Started up the intense apartment search – I still have time, but the online search and then the in-person follow up is starting to exhaust me.  The first of the day was just a few blocks from me, still in Palermo Hollywood – a really nice Chilean guy who works in post-production for MTV’s channel in Chile.  The house was very nice, huge ceilings, nice sized bedroom, large terrace patio with a parrilla, but he has a pit bull.  I really don’t mind being around pit bulls, but I just don’t completely feel comfortable living with one.

Later that day, walked to a house north of my barrio, in Chacarita.  The area seemed to get a bit more “dodgy” (as Tyrone would say) as I got closer to the train station that’s nearby and the Chacarita cemetery.  The house was large with many international people that stay (very reminiscent of L’Auberge Espagnole), but it was completely disorderly and cluttered…too bad I’m so type-A and can’t just live anywhere!

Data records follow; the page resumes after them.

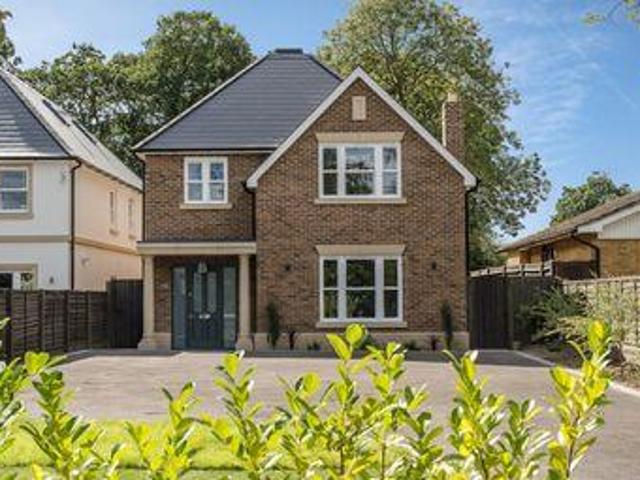 House for sale in Pachesham Park, Surrey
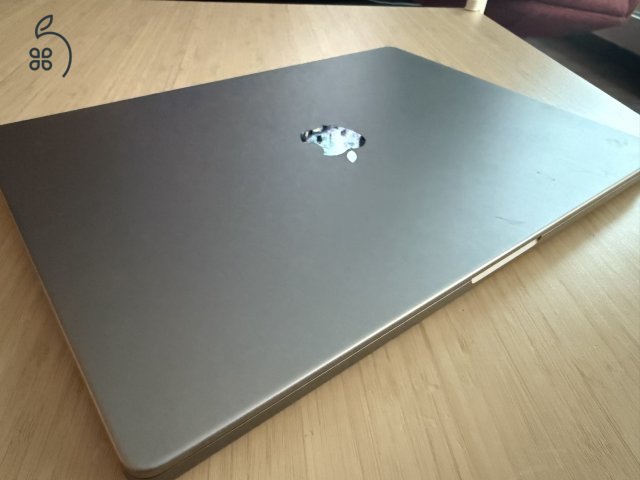 MacBook Pro 16” – Újszerű állapot • 512 GB SSD /32GB RAM/ Apple M1 Pro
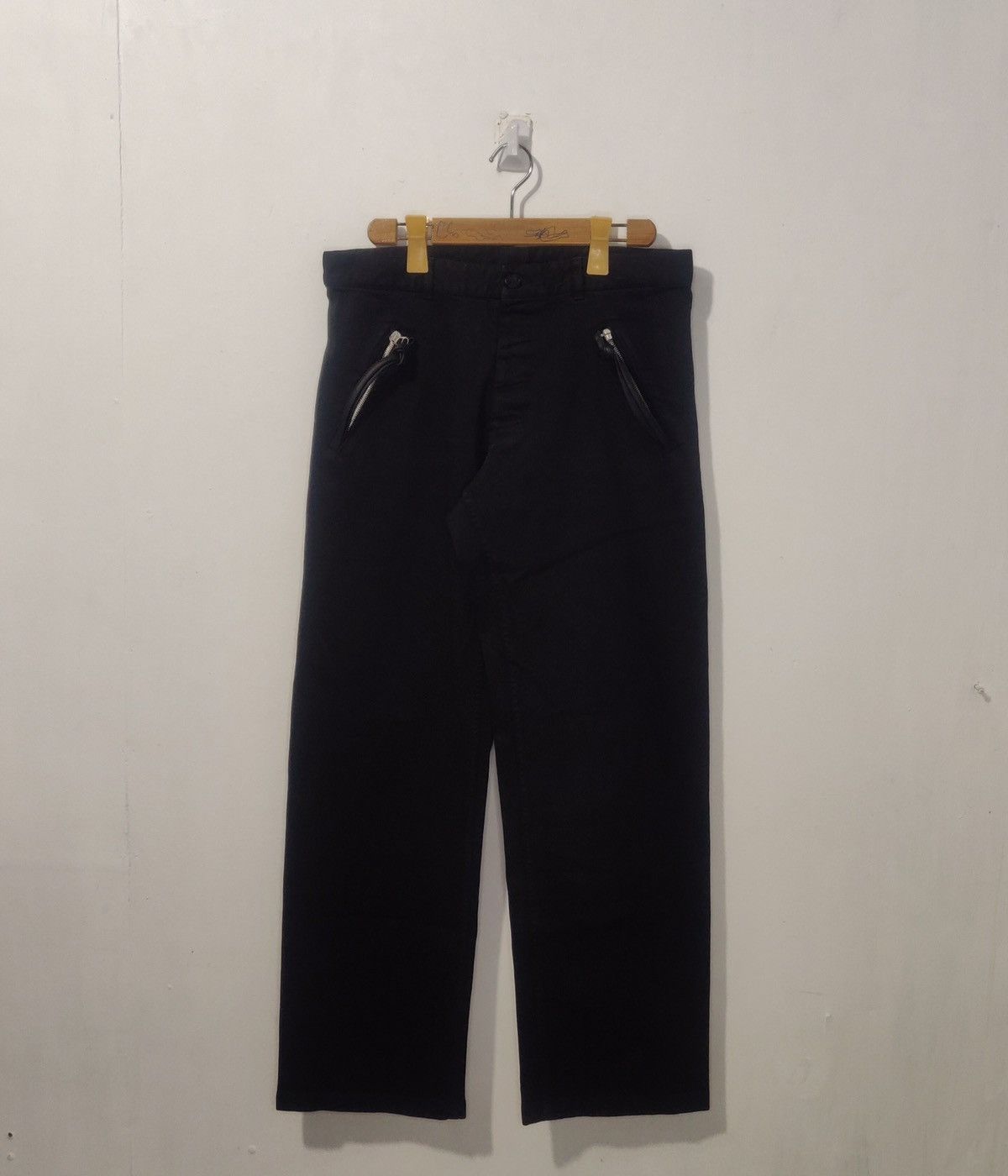 image of Maison Margiela Maison Martin Margiela Zip Front Pocket Denim Pants in Black, Men's (Size 32)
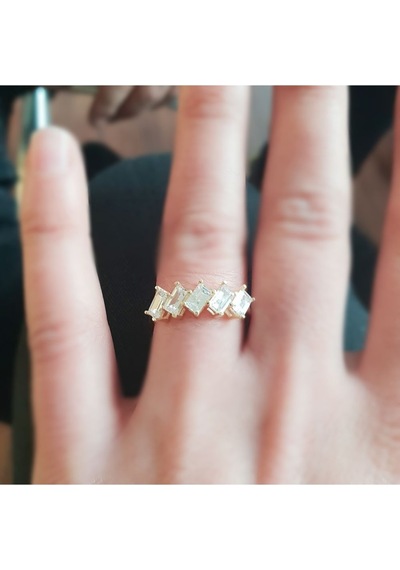 Beştaş Altın Yüzük Baget Taşlı 1,00 Karat Zirconia 317615851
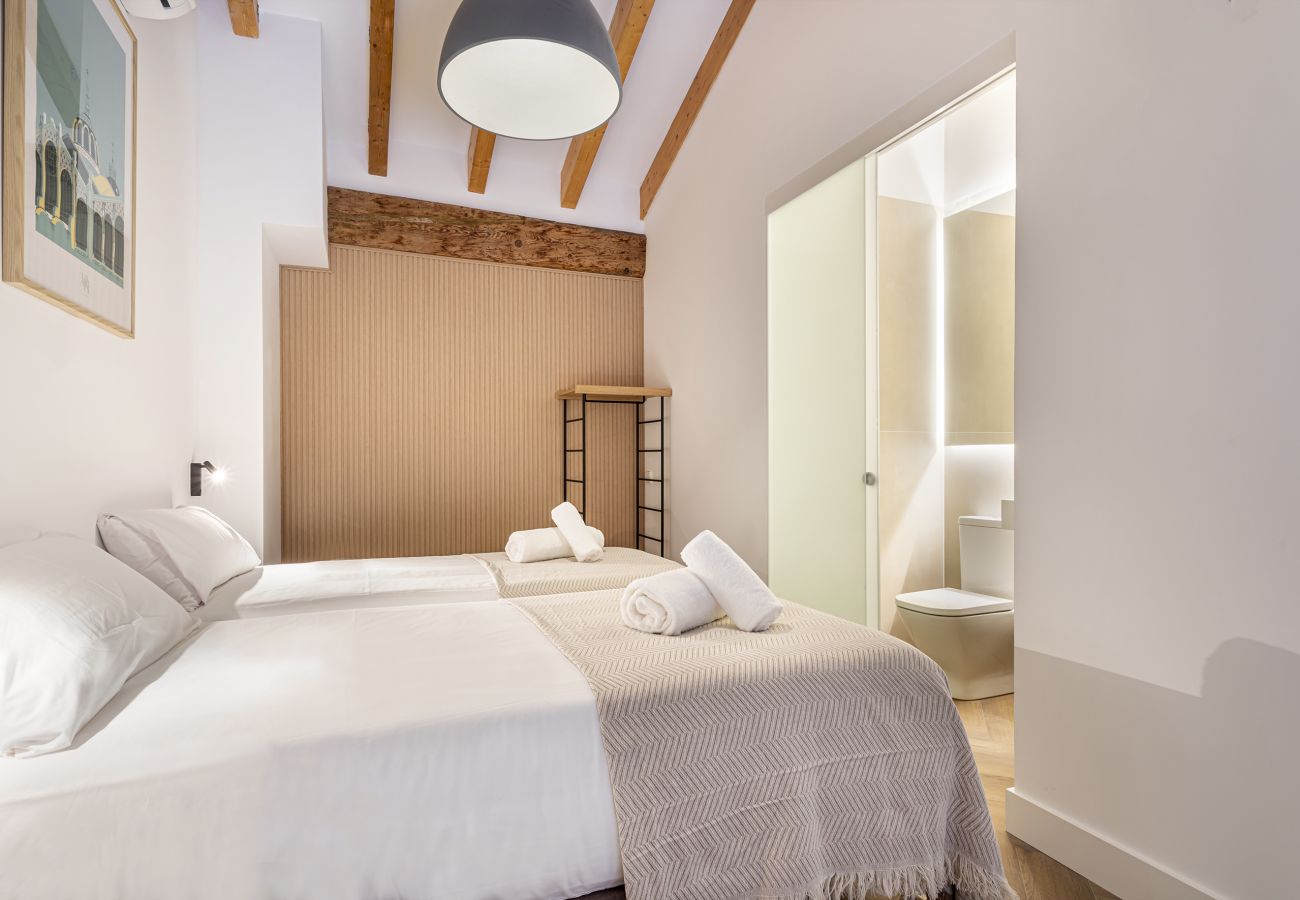 Apartment in Valencia / València - Stunning Duplex in the City Center. 7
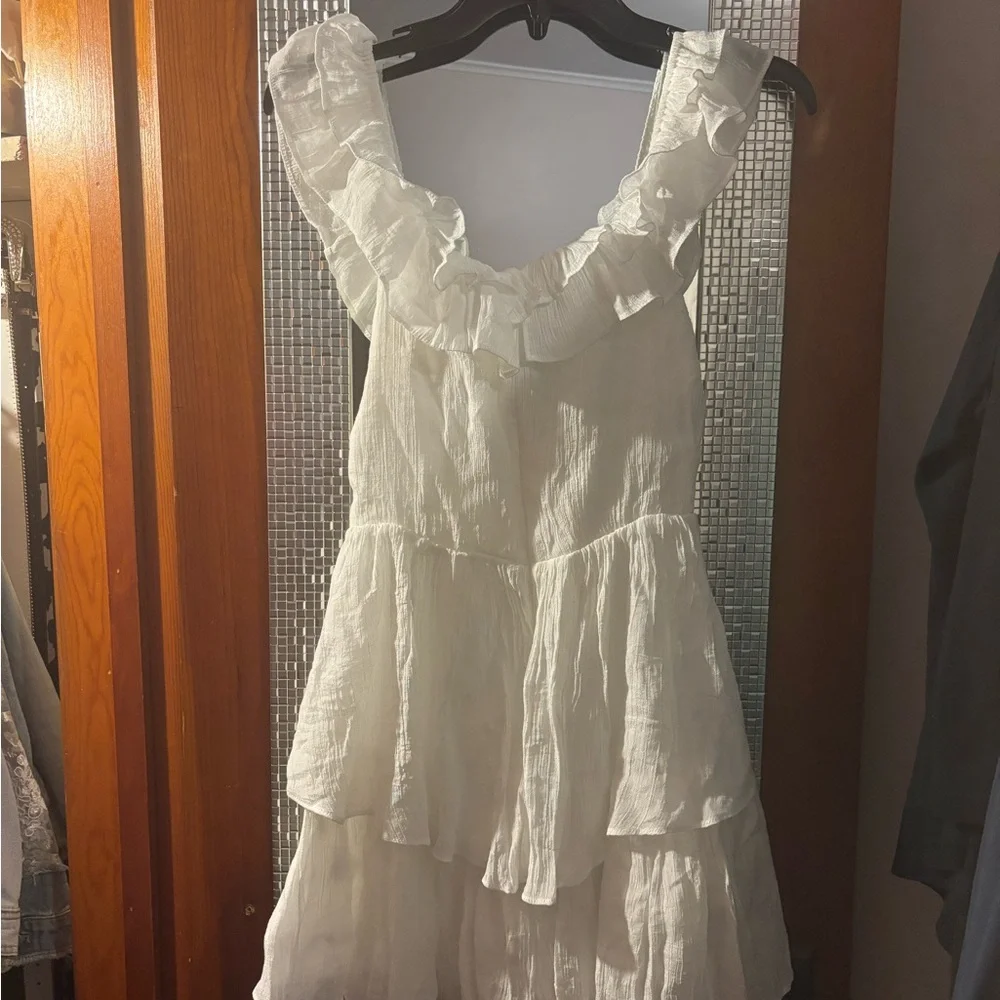 DO+BE White Dress with Ruffles - Picture 3 of 5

On my way back home, I passed a bakery that was just beckoning me to come in with its sweet aromas that were wafting out to the street.  I succumbed and bought some facturas, palmeras and alfajorones de maicena.



















palmeras and facturas (pastries)

 
alafajores de maicena (shortbread cookies with dulce de leche & coconut)

I then went in search of the movie for my class.  The professor had directed me to a movie store closer to the center of the city.  This was a large, independent book/movie store that has archives of all movies – the store clerk knew exactly which movie I was requesting and wished he had it, but the only copy had been checked out a year and a half ago and never returned (so much for the “garantía” that they require for renting movies).  As I was looking through the books in the front half of the store, he came to me and said he had found one of their archived copies that they keep for themselves and that he could burn me a copy.  Perfect! 

As I waited for it to be burned, I looked through the collection of books, organized by topics such as, anarchism, socialism, Peronism, Argentine history, and Latin American literature.  A book on Argentine immigration caught my eye – I’m starting to look into finding some volunteer position related to immigration here in Argentina, and the book had a great overview of immigration in both Argentina and throughout Latin America and its political and cultural impacts.  It was self-published by a non-profit organization, CLACSO (Latin American Council of Social Sciences), so I looked them up when I got home and sent out a request to the woman in charge of the “Migration, Culture and Politics” group.  Also, an attorney down here referred me to FCCAM (Argentine Catholic Commission Foundation of Migrations) – still waiting for responses from both organizations.